Le personnel en grève depuis mercredi a fait paraître vendredi une édition spéciale du quotidien, exclusivement consacrée à la situation du journal, avec le mot "Résistance" barrant la Une. "Il y aura une autre assemblée générale lundi vers 10h30", a indiqué Florence Grosjean.
"Je comprends"
Le nouveau président de France Soir, Jean-Pierre Brunois, s'est rendu samedi au siège du quotidien à Aubervilliers (Seine-Saint-Denis), près de Paris, mais les salariés présents l'ont accueilli en lui tournant le dos.

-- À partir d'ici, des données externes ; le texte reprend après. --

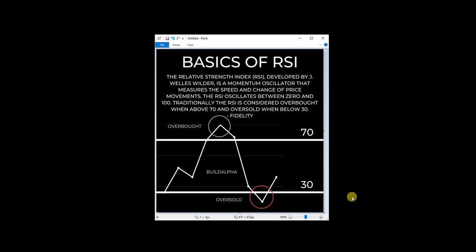Hey guys, Dave with Build Alpha. In this video, I want to break down the basics of RSI and do a quick test.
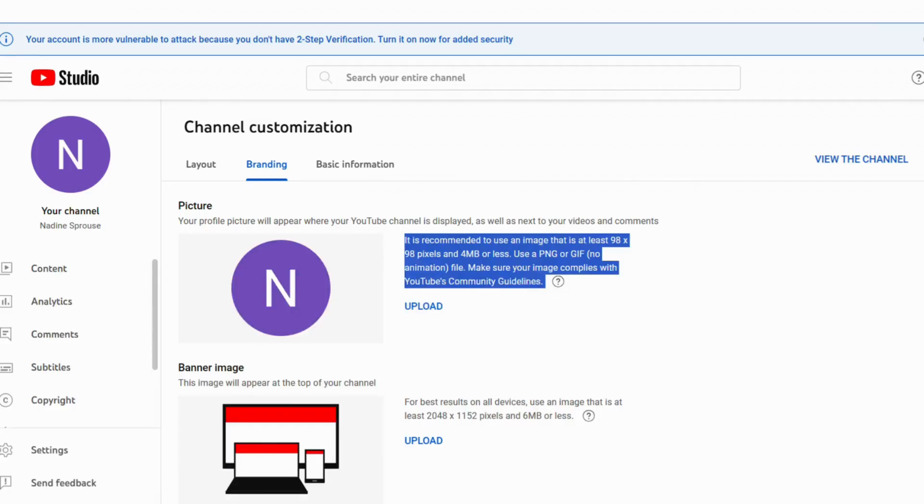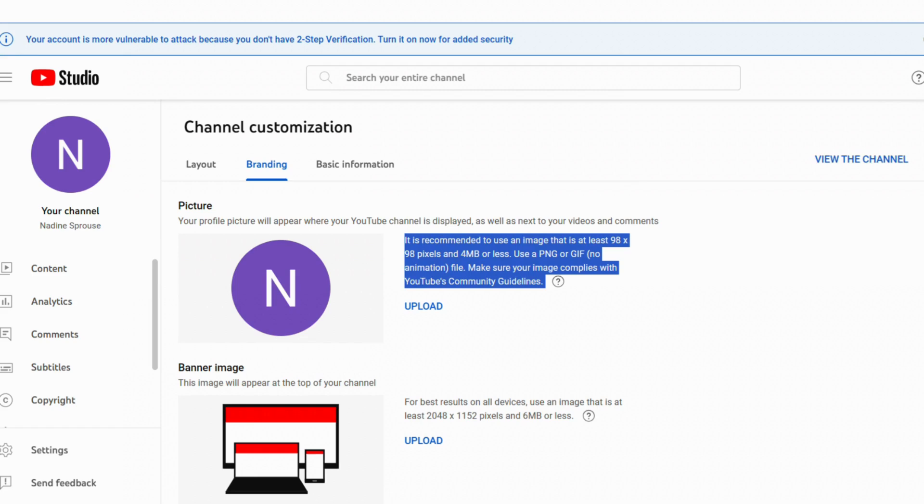Firstly, let's check the basics. Make certain that your image aligns with YouTube size and format preferences. YouTube usually prefers a square image and it's recommended to use a picture that's at least 98x98 pixels and 4MB or less. Accepted file types include PNG or GIF.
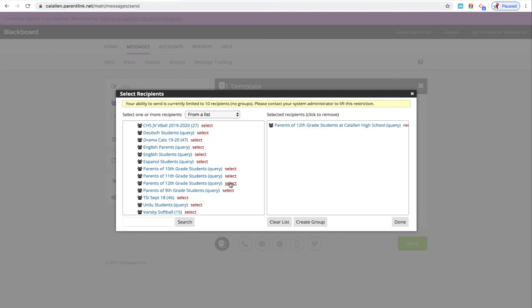That makes sure that this whole group here is selected and it moves it over here to the right side. Once you have selected seniors, go ahead and click Done.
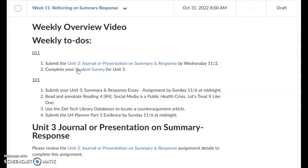Over here in 011, I would like you to submit your unit 3 journal now that unit 3 is ending, and complete your student survey.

Dans Libération, il se dit prêt à "remettre de l'argent et à embaucher de nouveaux salariés dès que la pente sera ascendante". "Je comprends le désarroi des salariés, mais je ne suis pas responsable de la situation (...) je reste totalement ouvert au dialogue", déclare encore Jean-Pierre Brunois.
A la suite du jugement du tribunal de commerce de Lille, mercredi, M. Brunois, promoteur immobilier, et Olivier Rey, journaliste sportif, sont devenus propriétaires du titre samedi. Leur plan de reprise prévoit de garder 51 des 112 salariés de France Soir, ainsi que les salariés protégés (représentants du personnel) au nombre de 14, dont certains peuvent faire partie des 51 maintenus.